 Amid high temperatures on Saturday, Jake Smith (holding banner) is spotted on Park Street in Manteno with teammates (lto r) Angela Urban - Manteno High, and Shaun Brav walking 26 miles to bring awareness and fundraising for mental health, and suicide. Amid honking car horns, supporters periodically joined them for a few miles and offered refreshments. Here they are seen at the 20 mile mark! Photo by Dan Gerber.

--

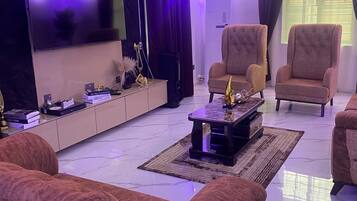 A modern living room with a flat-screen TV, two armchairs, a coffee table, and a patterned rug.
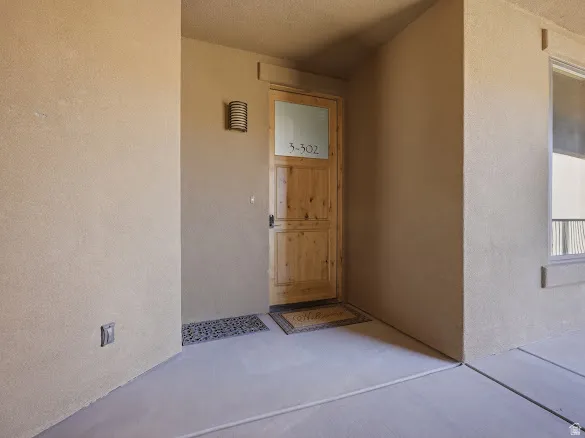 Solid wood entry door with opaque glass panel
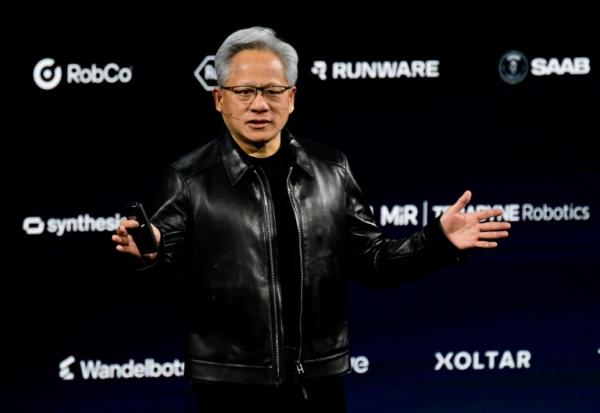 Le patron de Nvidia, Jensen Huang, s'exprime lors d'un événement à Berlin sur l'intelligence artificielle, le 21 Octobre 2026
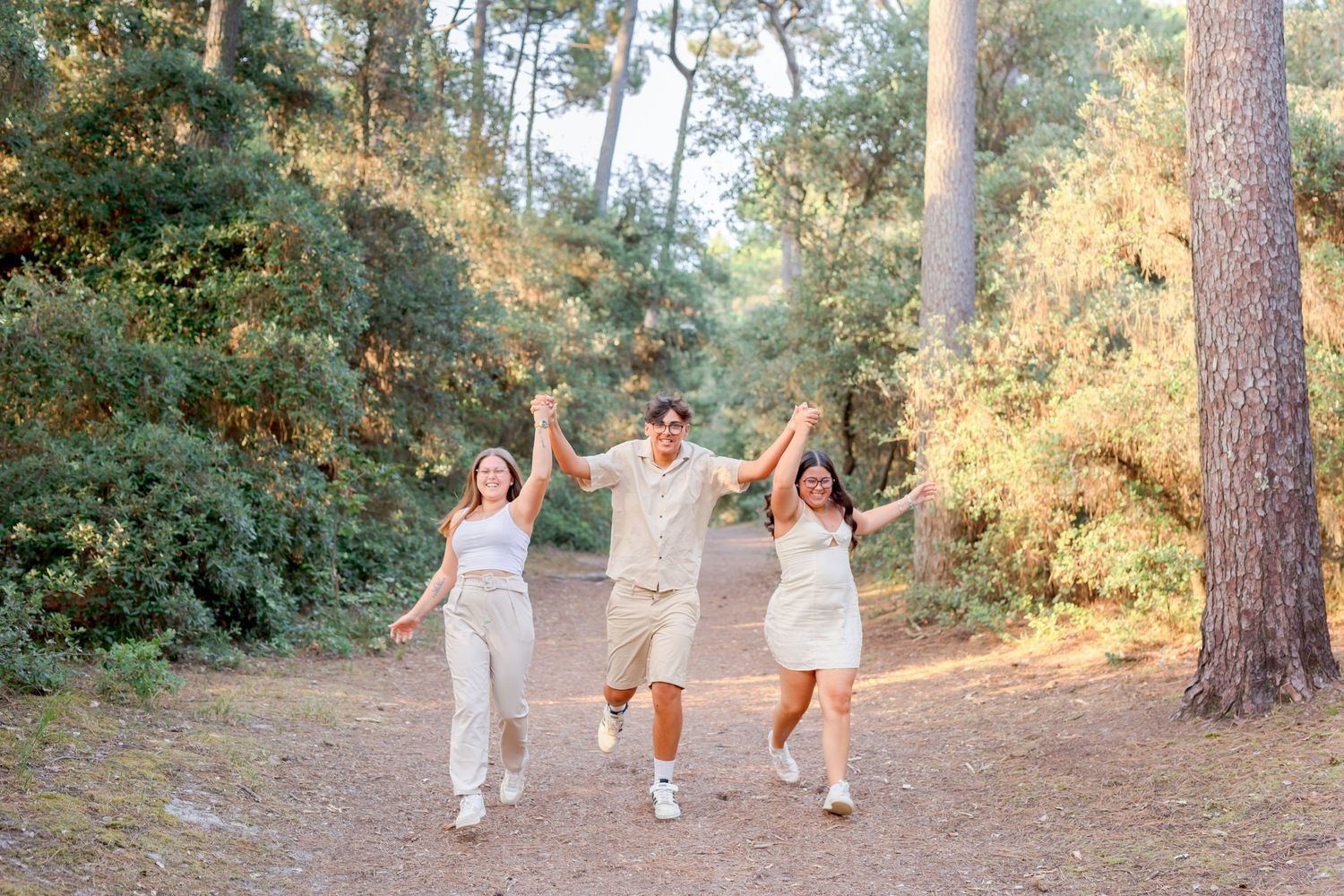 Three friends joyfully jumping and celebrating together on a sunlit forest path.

--

Pictures are to be left out. Write out only the lines above starting at the one with "A modern living" and ending at the one with "Three friends joyfully", both lines included, exactly.

WRITTEN RESPONSE —
 A modern living room with a flat-screen TV, two armchairs, a coffee table, and a patterned rug.
 Solid wood entry door with opaque glass panel
 Le patron de Nvidia, Jensen Huang, s'exprime lors d'un événement à Berlin sur l'intelligence artificielle, le 21 Octobre 2026
 Three friends joyfully jumping and celebrating together on a sunlit forest path.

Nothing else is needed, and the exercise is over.